Evidemment, les gouvernements ne le pourront pas !
Nous assistons probablement à la fin très prochaine du dollar et des autres monnaies papier qui gravitent autour.
Le reset monétaire va se traduire par la ruine générale et la perte de confiance dans les banques et les Etats.
Depuis le début, depuis son invention, il y a comme une malédiction qui pèse sur la monnaie papier. (et sur l’usure qui découle de son utilisation)
Depuis le 15 août 1971, c’est à dire depuis la fin du lien entre le dollar et l’or, c’est la sarabande infernale des dévaluations, des déficits commerciaux, des déficits des balances de paiement, des dettes publiques
monstrueuses, etc.
Je ne pense pas que ces décennies de gabegie puissent être récupérables aujourd’hui.
A mon avis, il est beaucoup trop tard pour sauver le malade, qui finira comme le système de Law et comme les assignats, le continental dollar et tant d’autres monnaies.
Dans le système du Gold Exchange Standard de Bretton Woods, l’administration Nixon en 1971, plutôt de que dévaluer sa monnaie par rapport à l’authentique référence monétaire représentée par l’or, ont préféré démonétiser l’or et le remplacer par le dollar.
Erreur colossale !
En quelque sorte, il ont cru naïvement que le dollar pouvait jouer le rôle d’étalon monétaire à la place de l’or.

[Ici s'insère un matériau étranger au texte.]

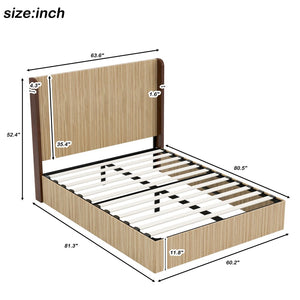 English Elm Queen Wingback Platform Bed Vertical Grid Wood Frame Wabi-Sabi Bedroom Design W1858S00008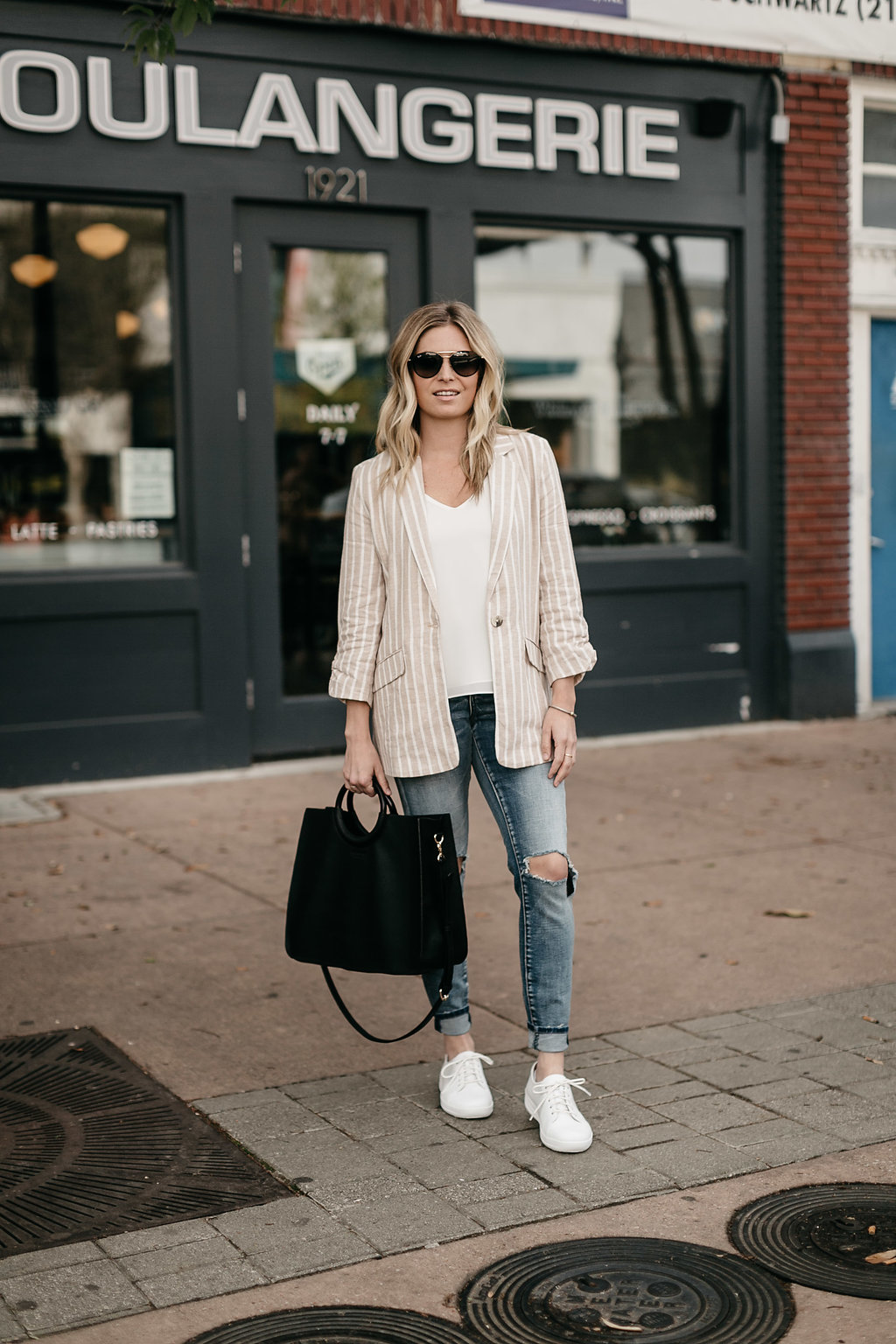 Fitflop shoes paired with trendy blazer and distressed jeans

Le Roi dollar était devenu de l’or et toutes les autres devises devaient graviter autour de lui.
Plus personne ne devait toucher au dollar, en cas de déséquilibre, c’est aux partenaires commerciaux des Etats Unis qu’il appartenait de dévaluer ou déprécier leur devise…
En outre, les Etats Unis n’ont pas respecté les accords de Bretton Woods, lorsque l’or fuyait Fort Knox suite aux demandes de conversion des banques centrales étrangères, la Fed devait réduire la masse monétaire papier en proportion des sorties d’or, afin de garantir le taux officiel de 35 $ l’once.
Ce que la Fed n’a pas fait.
Dès 1960, des signes de craquements sont apparus, et le Pool de l’Or, qui regroupait les principales banques centrales mondiales, s’est évertué à maintenir le taux officiel de 35$ l’once, celui fixé par Roosevelt en… 1934 !!
Mais, encore une fois, il s’agissait d’une erreur colossale, il aurait fallu dévaluer le dollar pour maintenir la convertibilité du dollar à un taux qui n’aurait pas entraîné la fuite des réserves d’or américaines. ( à cette époque, 1961, la véritable valeur de l’or tournait autour des 100 $, et en 1974 la situation s’étant aggravée entretemps, autour des 400 $)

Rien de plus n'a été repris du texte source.